Selain itu, Darto memperingatkan bahwa eksportir kemungkinan akan lebih selektif dalam memilih pemasok, lebih mengutamakan kelompok usahanya sendiri, dan mengabaikan PKS kecil yang menggiling hasil panen petani swadaya. "Risikonya, banyak pabrik kecil yang bisa kolaps dan terjadinya PHK massal," katanya.

Meski kebijakan ini bertujuan memperkuat ketahanan ekonomi nasional, meningkatkan cadangan devisa, dan menjaga stabilitas rupiah, Darto menekankan pentingnya pertimbangan sektor-sektor terdampak yang memiliki rantai pasok kompleks seperti kelapa sawit.

Untuk itu, Ia menyarankan agar pemerintah mempertimbangkan skema yang lebih fleksibel, mirip dengan sektor migas yang hanya diwajibkan menempatkan 30% DHE, bukan 100%.

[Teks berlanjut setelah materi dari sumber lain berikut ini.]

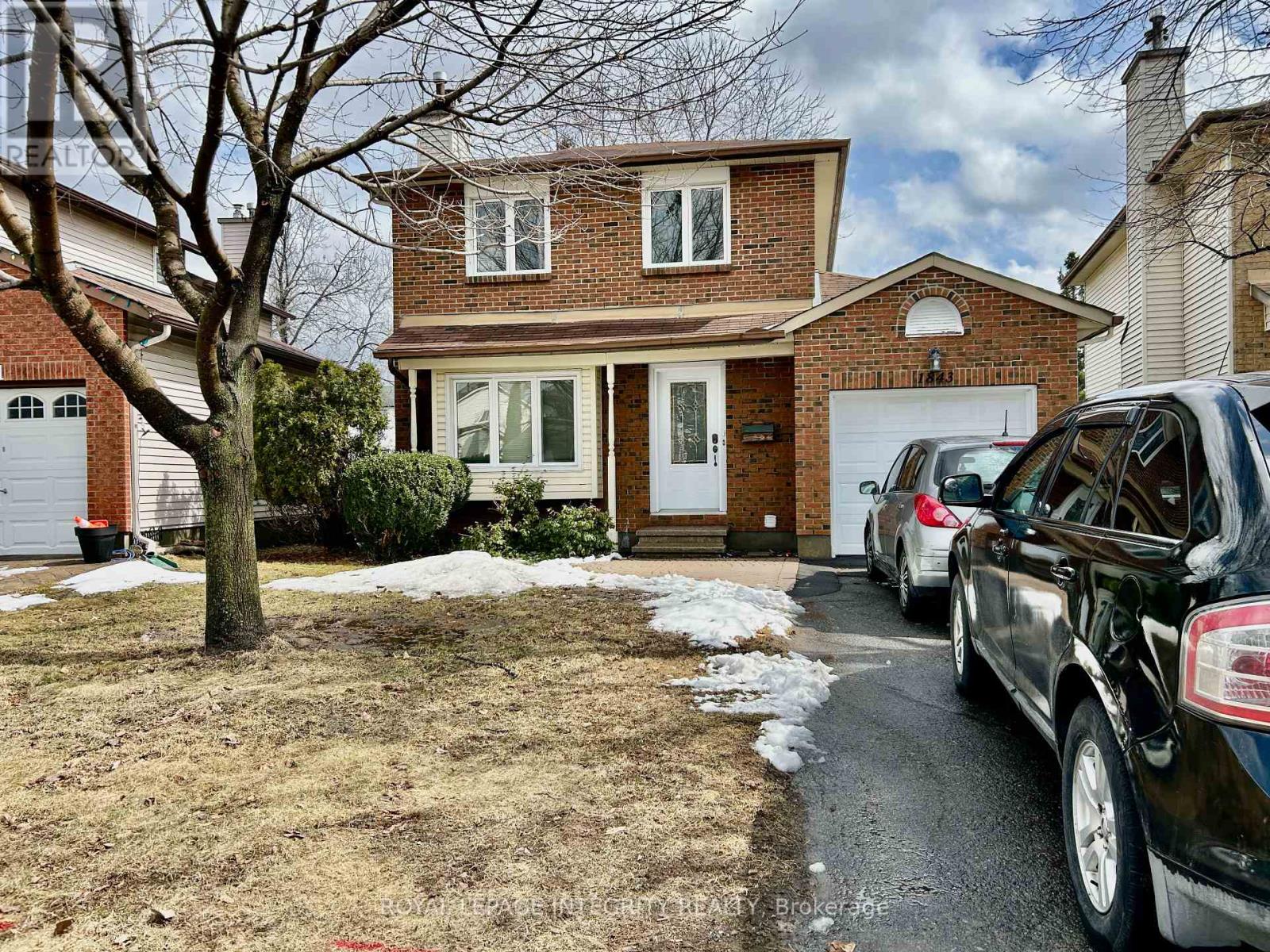 A house with a tree in front and cars parked in the driveway.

Lebih lanjut, ia menyoroti potensi kebijakan ini mengganggu program hilirisasi sawit dan suplai domestik untuk kebutuhan pangan dan energi berbasis Crude Palm Oil (CPO) atau minyak kelapa sawit mentah.

Pemerintah diharapkan segera membuka ruang dialog dengan seluruh pemangku kepentingan, termasuk petani, agar transisi kebijakan ini tidak menimbulkan gejolak baru di sektor strategis kelapa sawit.

“Petani kecil mengelola 42% dari total 17,3 juta hektare kebun sawit nasional. Mereka bukan eksportir, tapi mereka adalah fondasi dari industri ini. Kebijakan yang tidak mempertimbangkan dampak ke bawah justru bisa melemahkan ketahanan pangan dan energi kita sendiri,” tutup Darto.